Task instructions
Pictures are to be left out, and only the lines below starting at the one with "Foto — Edmunds Brencis, no Ir arhīva" and ending at the one with "BOTTEGA VENETA 寶緹嘉 Cassette 寬編織羊皮長夾-0" are to be reproduced, each exactly, both ends included.

Exercise input
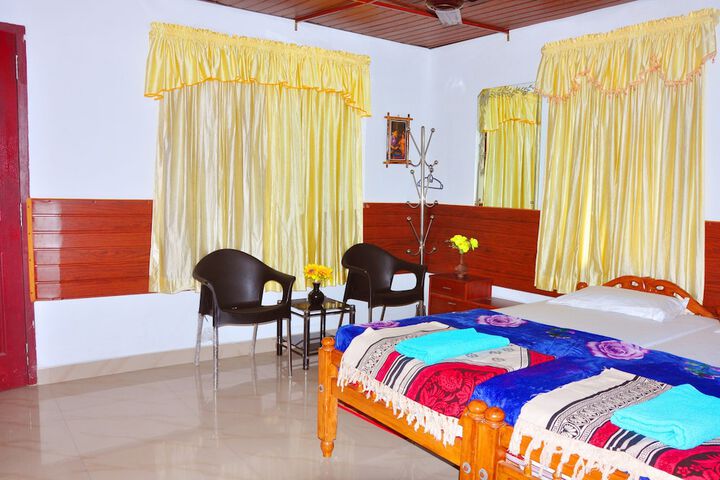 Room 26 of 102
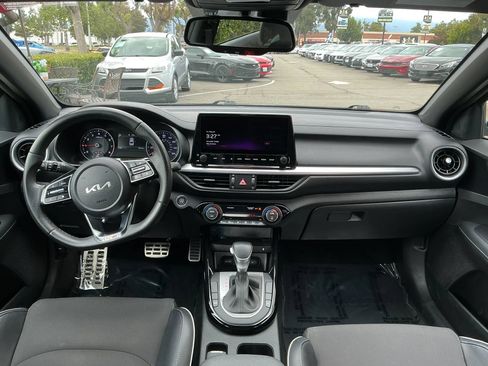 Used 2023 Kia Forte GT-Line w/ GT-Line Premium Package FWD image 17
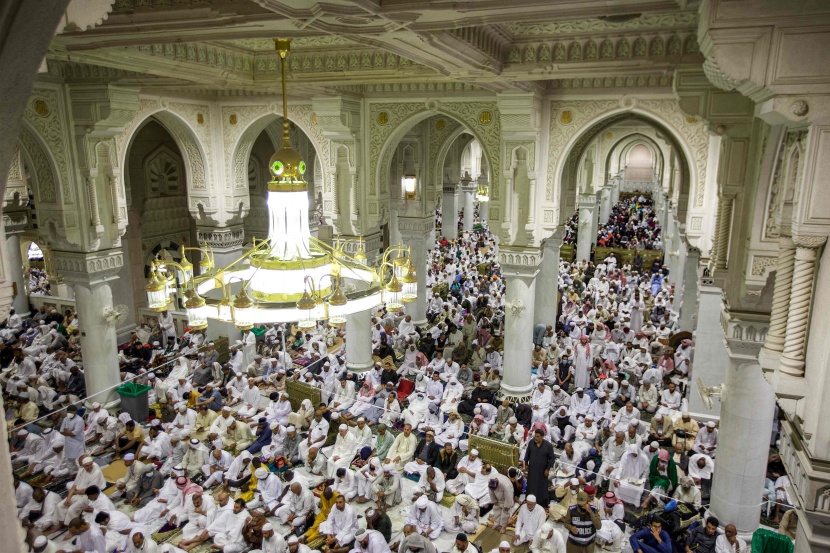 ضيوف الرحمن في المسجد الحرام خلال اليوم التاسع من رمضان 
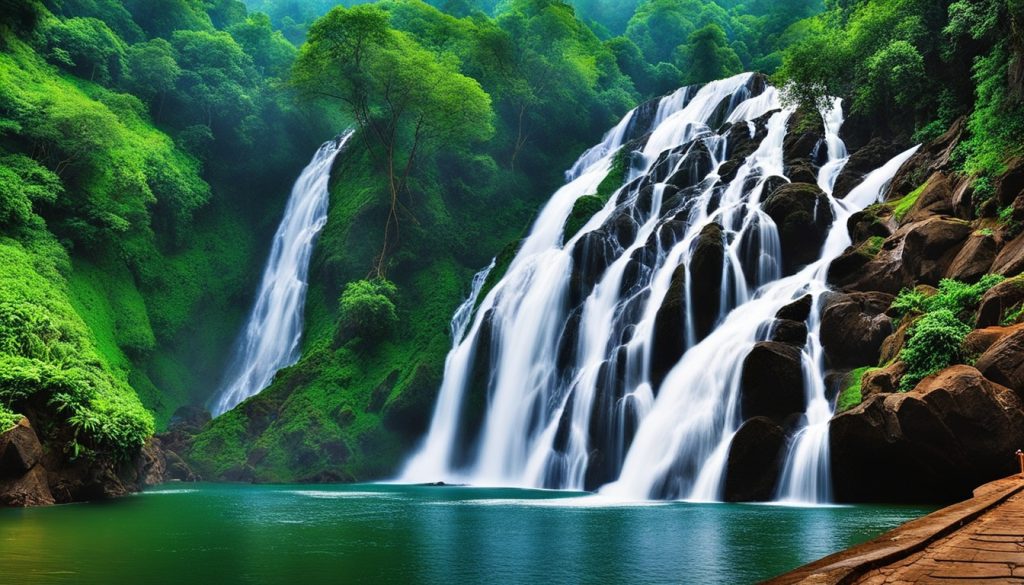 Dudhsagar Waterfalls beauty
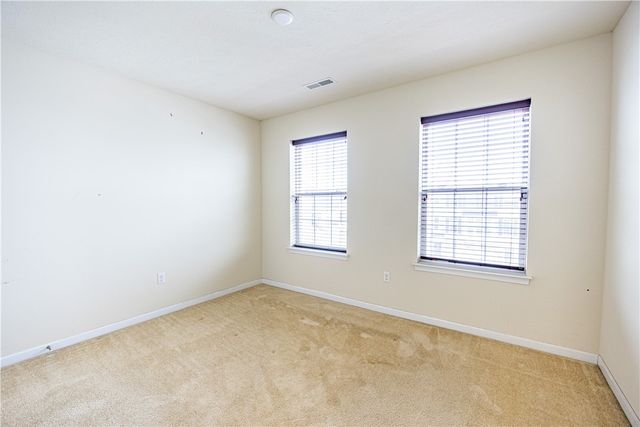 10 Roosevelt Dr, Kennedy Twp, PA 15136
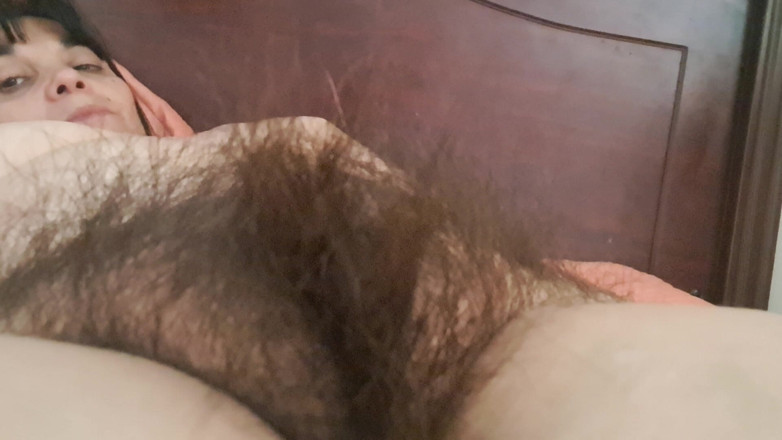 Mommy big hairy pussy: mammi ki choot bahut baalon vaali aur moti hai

==

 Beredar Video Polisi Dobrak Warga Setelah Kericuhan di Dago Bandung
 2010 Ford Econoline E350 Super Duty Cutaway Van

==

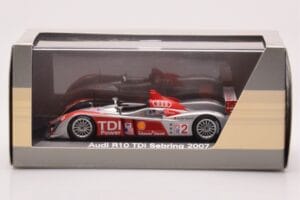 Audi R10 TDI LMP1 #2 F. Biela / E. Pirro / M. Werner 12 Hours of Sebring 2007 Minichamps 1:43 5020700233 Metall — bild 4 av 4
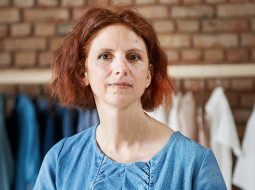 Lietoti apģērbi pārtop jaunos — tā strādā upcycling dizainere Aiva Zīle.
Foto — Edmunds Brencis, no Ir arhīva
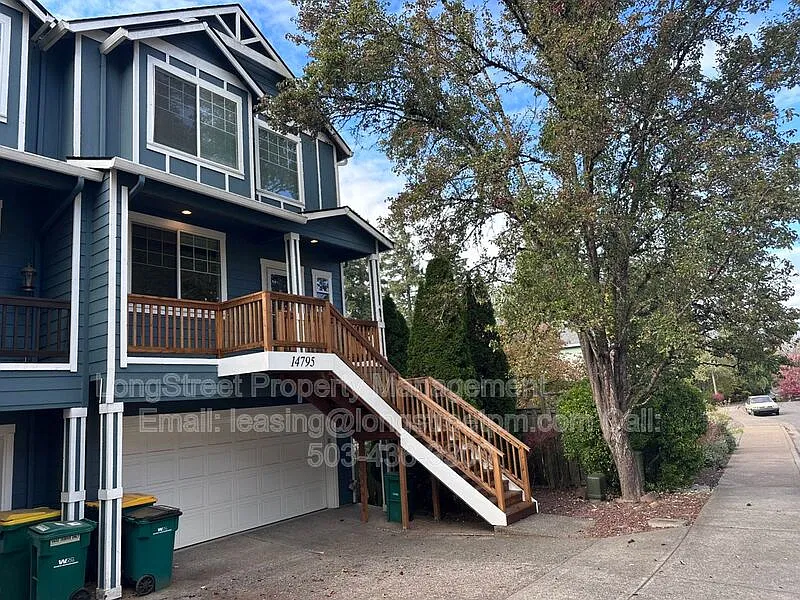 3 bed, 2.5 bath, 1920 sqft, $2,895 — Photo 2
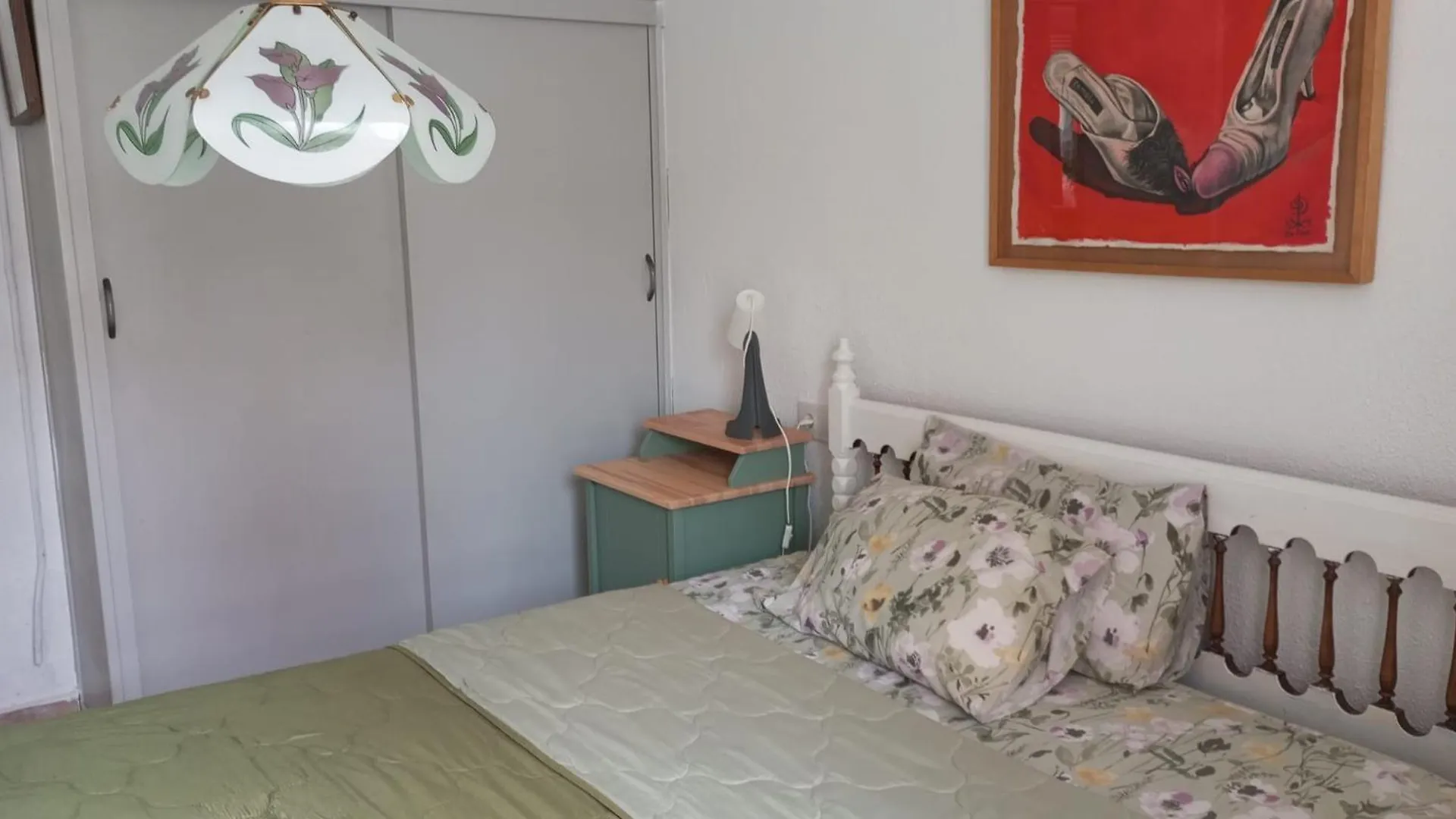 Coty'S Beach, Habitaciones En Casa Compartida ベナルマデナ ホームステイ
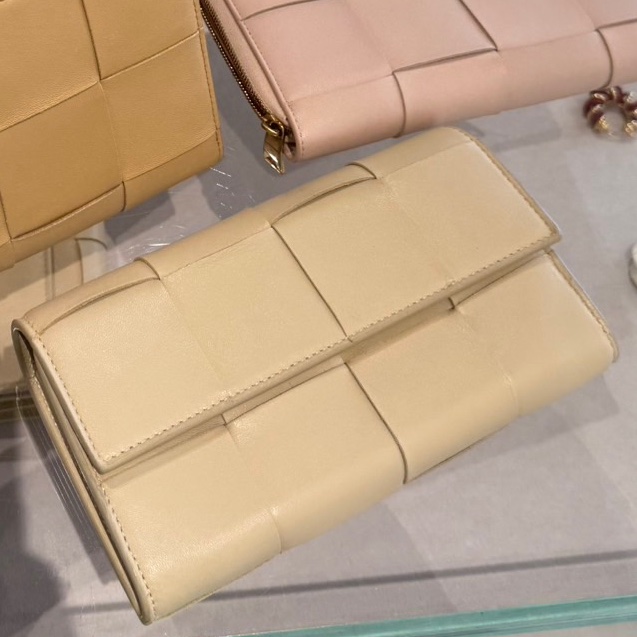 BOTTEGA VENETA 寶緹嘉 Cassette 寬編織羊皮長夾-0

Answer to this problem
Foto — Edmunds Brencis, no Ir arhīva
 3 bed, 2.5 bath, 1920 sqft, $2,895 — Photo 2
 Coty'S Beach, Habitaciones En Casa Compartida ベナルマデナ ホームステイ
 BOTTEGA VENETA 寶緹嘉 Cassette 寬編織羊皮長夾-0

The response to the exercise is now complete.